- Opening Delimiter -

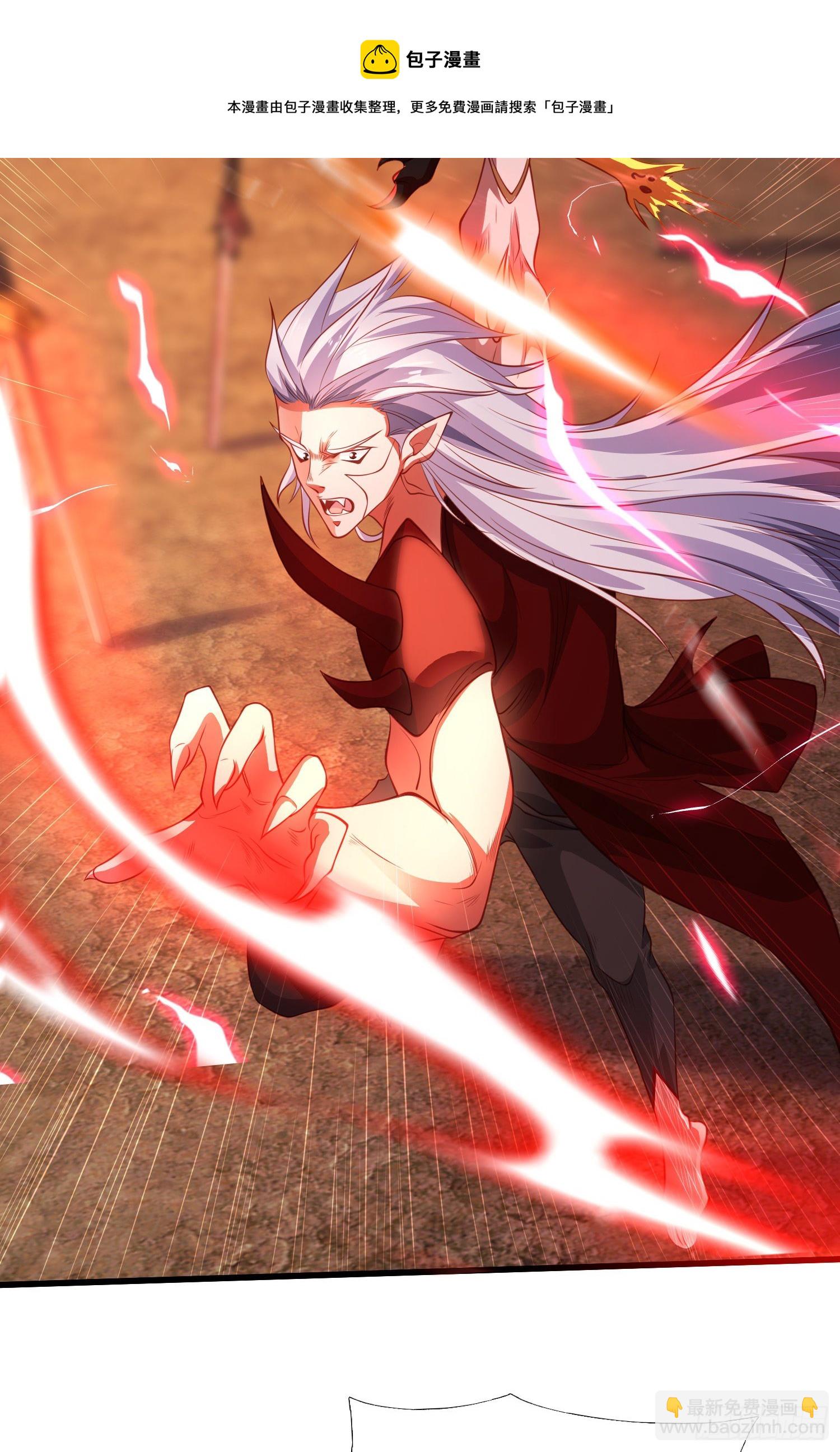 開局吻上裂口女 - 第43話 林缺VS赤劍鬼(1/2) - 5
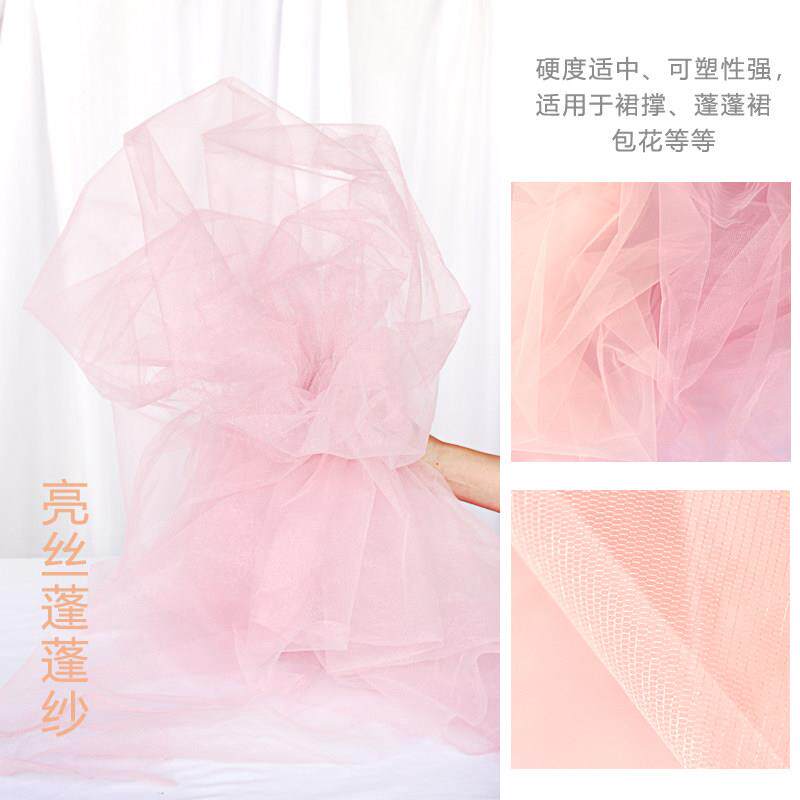 亮丝蓬蓬纱网纱布料纯色硬纱面料娃衣裙撑易塑性手工DIY头纱布料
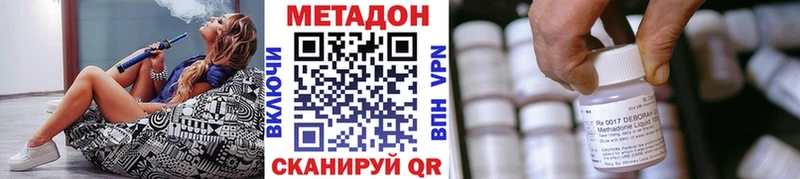 Метадон мёд  ссылка на мегу онион  Крымск 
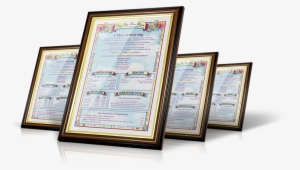 The Perfect Gift For Any Milestone Birthdays, Wedding, - History #2107179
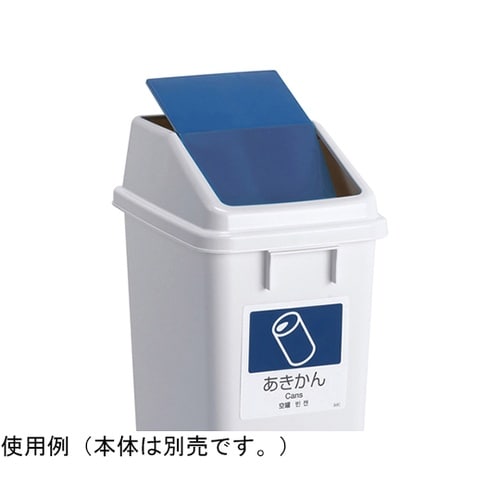 エコ分別トラッシュペールW40 蓋 紺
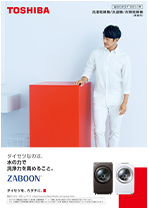 カタログ一覧 | サポート | 東芝ライフスタイル株式会社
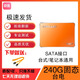 SSD固態(tài)硬盤(pán)512G 120G 240G臺式機筆記本二手硬盤(pán)金士頓/聯(lián)想/三星SATA3.0接口 臺電240G固態(tài) 預裝win10系統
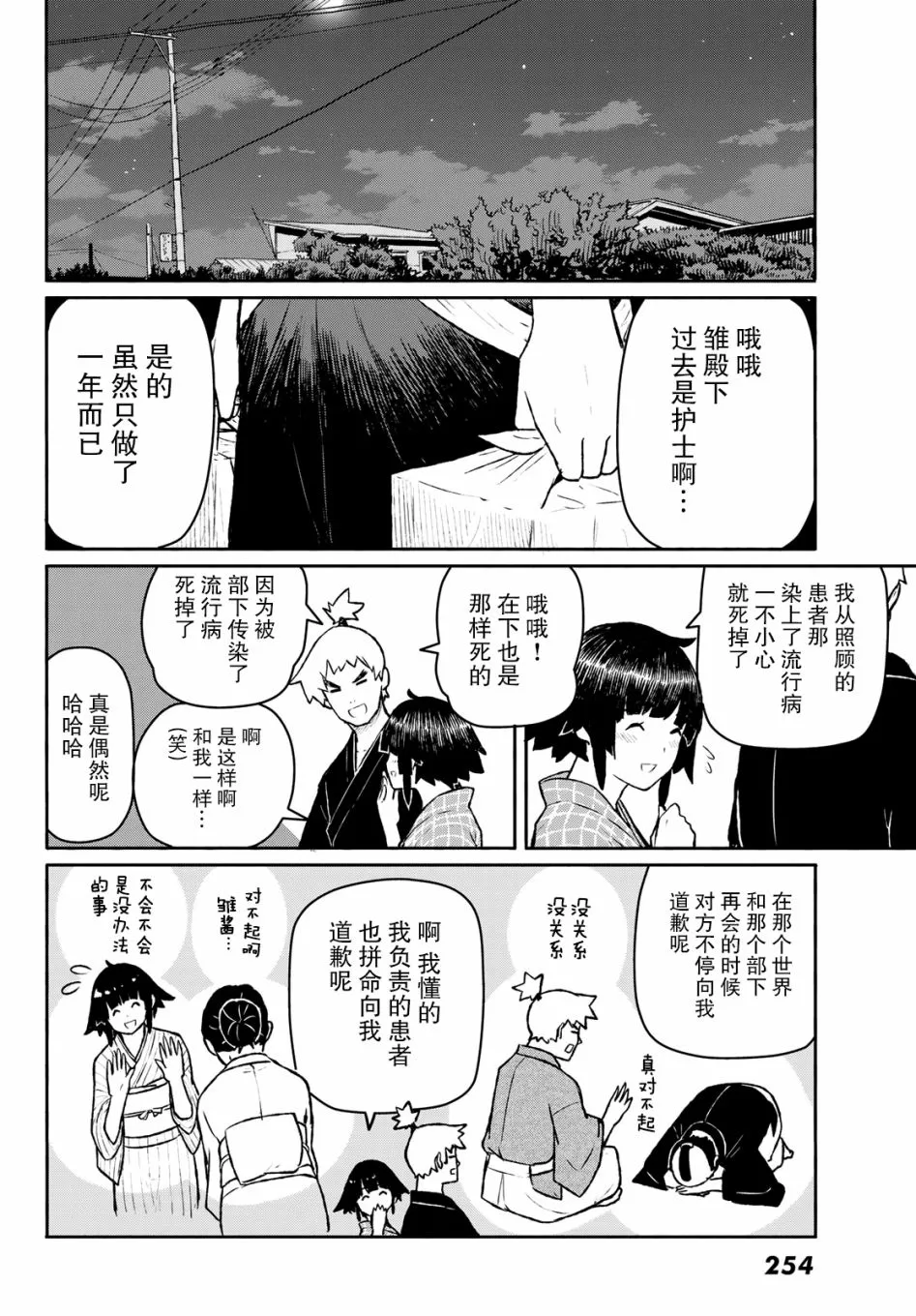 第54话 第10页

- Closing Delimiter -

What to do> Starting at the line that contains "ссылка на мегу", return every line through the end of the records above exactly as written, and return no pictures.

Your response>
 Метадон мёд  ссылка на мегу онион  Крымск 
 The Perfect Gift For Any Milestone Birthdays, Wedding, - History #2107179
 エコ分別トラッシュペールW40 蓋 紺
 カタログ一覧 | サポート | 東芝ライフスタイル株式会社
 SSD固態(tài)硬盤(pán)512G 120G 240G臺式機筆記本二手硬盤(pán)金士頓/聯(lián)想/三星SATA3.0接口 臺電240G固態(tài) 預裝win10系統
 第54话 第10页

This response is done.